Nemrut Dağı eteklerindeki ocaklardan çıkarılan meşhur Ahlat taşı, ustaların elinde birer sanat eserine dönüşüyor.
Ahlat’taki taş ustaları, Nemrut Dağı eteklerindeki ocaklardan çıkarılan meşhur Ahlat taşını işleyerek sanat eserine dönüştürüyorlar. Büyük zahmetle toprak altından murç, çivi ve balyoz yardımı ile parçalanarak çıkartılan Ahlat taşı, ustaların elinden geçerek ilçedeki birçok yapıyı süslemede de kullanılıyor. Özellikle Selçuklulardan bu yana kullanılan Ahlat taşı, gerek ilçede gerekse de bölgede vazgeçilmez yapı malzemesi olarak kullanılıyor. Yıllardır bu taşı işlediklerini söyleyen Ahlatlı taş ustalarından Seyfettin Altıntaş, birçok sanatsal figürü bu taşlara işlediklerini söyledi. 40 yıllık baba mesleğini icra ettiğini belirten Seyfettin Altıntaş; mezar taşları, şömine, çeşme ve benzeri alanlarda kullandıkları Ahlat taşını büyük bir emekle işlediklerini dile getirdi. Yıllardır Ahlat girişindeki yol kenarında bulunan atölyesinde mezar taşı, çeşme, şömine ve barbekü gibi işler yaptıklarını belirten Altıntaş, “Yaklaşık 40 yılık baba mesleğini yapıyoruz. Babam genellikle Ahlat taşından cami ve minare işleri yapıyordu. Biz de babamızdan miras kalan bu mesleğini devam ettiriyoruz. 2006 yılından bu yana açtığımız atölyede ağırlıklı olarak mezar taşları, çeşme, şömine ve barbekü gibi yapıların taşlarını el emeğiyle yapıyoruz” dedi.

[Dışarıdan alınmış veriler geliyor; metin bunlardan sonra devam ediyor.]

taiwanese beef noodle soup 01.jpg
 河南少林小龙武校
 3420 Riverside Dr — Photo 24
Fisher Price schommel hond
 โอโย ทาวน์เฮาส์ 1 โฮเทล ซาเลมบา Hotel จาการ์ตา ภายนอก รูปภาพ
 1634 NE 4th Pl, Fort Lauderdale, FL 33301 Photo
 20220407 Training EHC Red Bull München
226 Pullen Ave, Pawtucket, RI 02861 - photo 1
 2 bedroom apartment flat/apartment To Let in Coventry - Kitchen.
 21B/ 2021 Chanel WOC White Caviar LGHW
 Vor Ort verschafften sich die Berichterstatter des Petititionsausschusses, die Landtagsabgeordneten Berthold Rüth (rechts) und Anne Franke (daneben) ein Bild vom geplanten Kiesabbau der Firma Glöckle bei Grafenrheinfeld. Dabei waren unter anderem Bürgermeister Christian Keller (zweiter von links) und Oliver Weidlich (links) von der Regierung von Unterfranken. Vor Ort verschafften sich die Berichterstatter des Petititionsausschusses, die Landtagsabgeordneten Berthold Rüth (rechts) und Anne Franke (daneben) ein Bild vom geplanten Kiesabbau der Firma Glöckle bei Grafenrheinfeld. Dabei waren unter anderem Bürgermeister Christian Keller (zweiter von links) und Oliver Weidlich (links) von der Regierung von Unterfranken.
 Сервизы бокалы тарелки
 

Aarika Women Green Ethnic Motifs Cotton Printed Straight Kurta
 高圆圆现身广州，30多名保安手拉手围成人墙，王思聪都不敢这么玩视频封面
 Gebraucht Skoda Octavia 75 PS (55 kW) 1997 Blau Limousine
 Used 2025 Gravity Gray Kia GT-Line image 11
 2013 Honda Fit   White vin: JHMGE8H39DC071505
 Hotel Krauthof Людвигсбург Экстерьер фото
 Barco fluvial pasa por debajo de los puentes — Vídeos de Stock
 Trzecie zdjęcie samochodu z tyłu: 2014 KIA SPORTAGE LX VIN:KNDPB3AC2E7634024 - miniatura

Yaptıkları mezar taşlarına ve çeşmelere sanat eserlerini yansıttıklarını dile getiren Altıntaş, “Özellikle yaptıklarımızı çevre illere satıyoruz. Her yerden bize sipariş geliyor. İnternet üzerinden bile sipariş alıyoruz. Mezar taşı siparişlerimiz ağırlıklıdır. Burada yaptığımız gerek mezar taşlarına gerekse de çeşmelere sanat figürlerini işliyoruz. Hem burada bir sanatı yaşatıyoruz hem de taşlara işlediğimiz o sanat göze hitap ederek, verilen emeği ortaya çıkarıyor” diye konuştu.
Açık ve koyu kırmızı, kahverengi, siyah, beyaz ve gri renkleri bulunan Ahlat taşı, bölgedeki evlerin en önemli yapı taşı olarak görülüyor. Yalıtımı sayesinde yazları serin, kışları ise sıcak tutma özelliğine sahip olan bu taş, dekoratif yapısıyla da binaların dış cephesinde sıva gerektirmediği gibi cephede dökülme, patlama yapmadığı için yüzyıllarca binanın ilk günkü gibi görünmesini sağlıyor. Ocaktan ilk çıktığında daha yumuşak olan ve bu özelliğiyle işlenmesi de daha kolay olan Ahlat taşı, kullanıldıktan belli bir süre sonra sertleşip dayanıklılık gücünü artıyor.